Methods Systematic review and narrative synthesis. Searches of key databases and grey sources since 2012 were undertaken in October 2019. We included all studies (with no limit on design) which related the inclusion of screening and support for (previously unidentified) problem gambling in users of health, care and support services. The findings were synthesised narratively and a typology of interventions and supporting evidence was developed.
Results Electronic database searches generated at total of 5826 unique hits. Nine studies published 2013–2019, along with thirteen grey literature documents met our eligibility criteria and were included in the synthesis. The published studies originated in the UK (3), Sweden (2), US (1), and Australia (3). Grey literature was from the US.
The papers in academic journals (n=9) provided evaluative data from interventions, or qualitative data on practitioners’ views. Three of these papers evaluated the use of screening, brief intervention and referral to treatment (SBIRT) approaches to identify and treat people experiencing or at risk of problem gambling and related harms. These were delivered in general practice, a mental health support service, and a substance abuse treatment service. Six papers provided evidence regarding the feasibility and acceptability of delivering interventions in settings including general practice, mental health services, consumer credit counselling and social work. Evidence of feasibility in varied contexts was further supported by grey literature reports describing the implementation of interventions such as training materials, and transfer of the use of SBIRT from substance abuse populations by practitioners.

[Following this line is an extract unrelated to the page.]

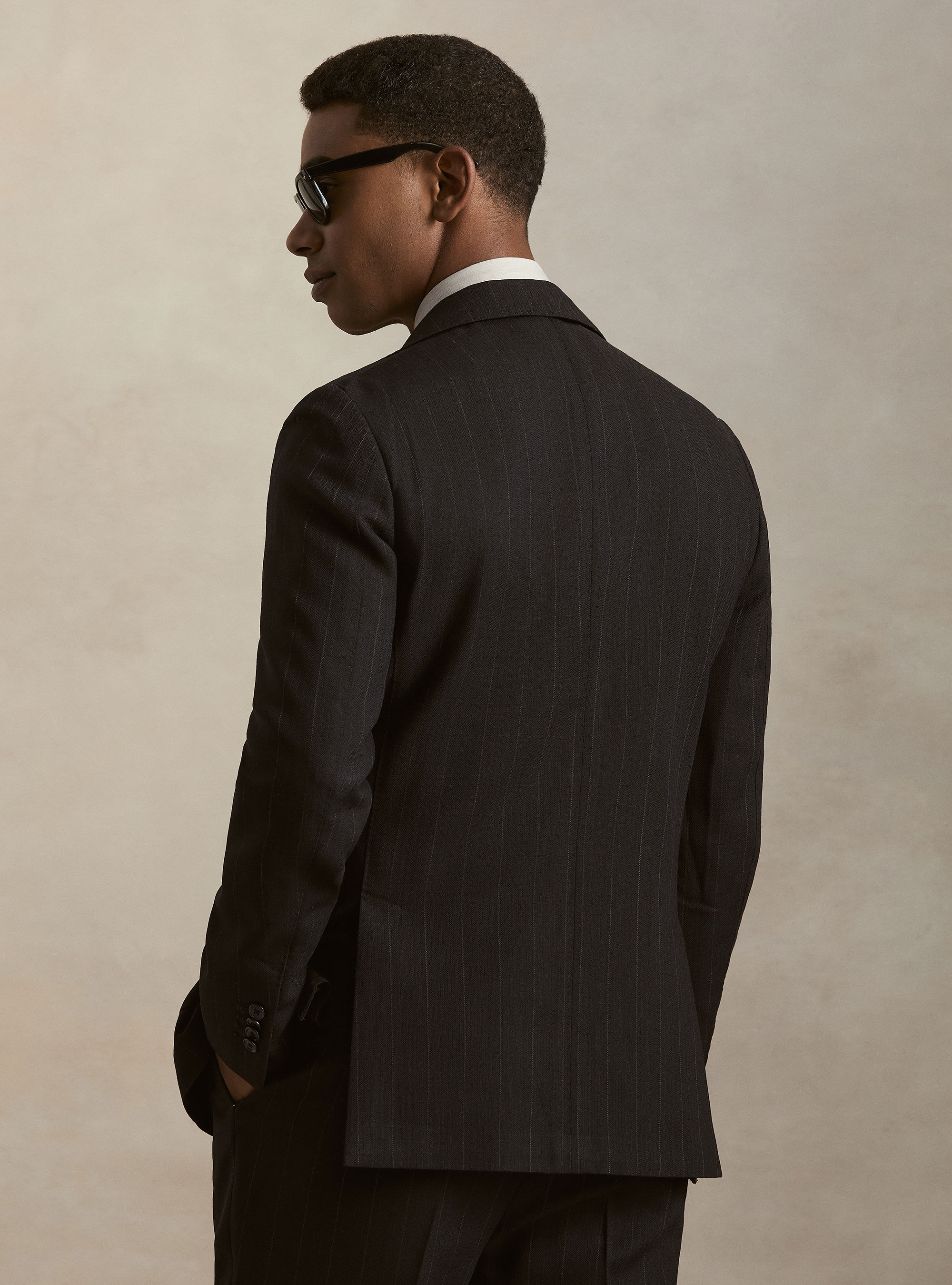 Striped Pure Wool Herringbone Blazer, NAVY BLUE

Discussion Health, care and support services offer potentially important contexts in which to identify and offer support to people who are at risk of becoming problem gamblers. Screening intervention approaches (such as SBIRT) used with people who have other addictions, appear to be feasible and acceptable in a range of community and healthcare settings for those at risk of gambling harm. However, evidence of effectiveness and cost-effectiveness in this population is currently limited.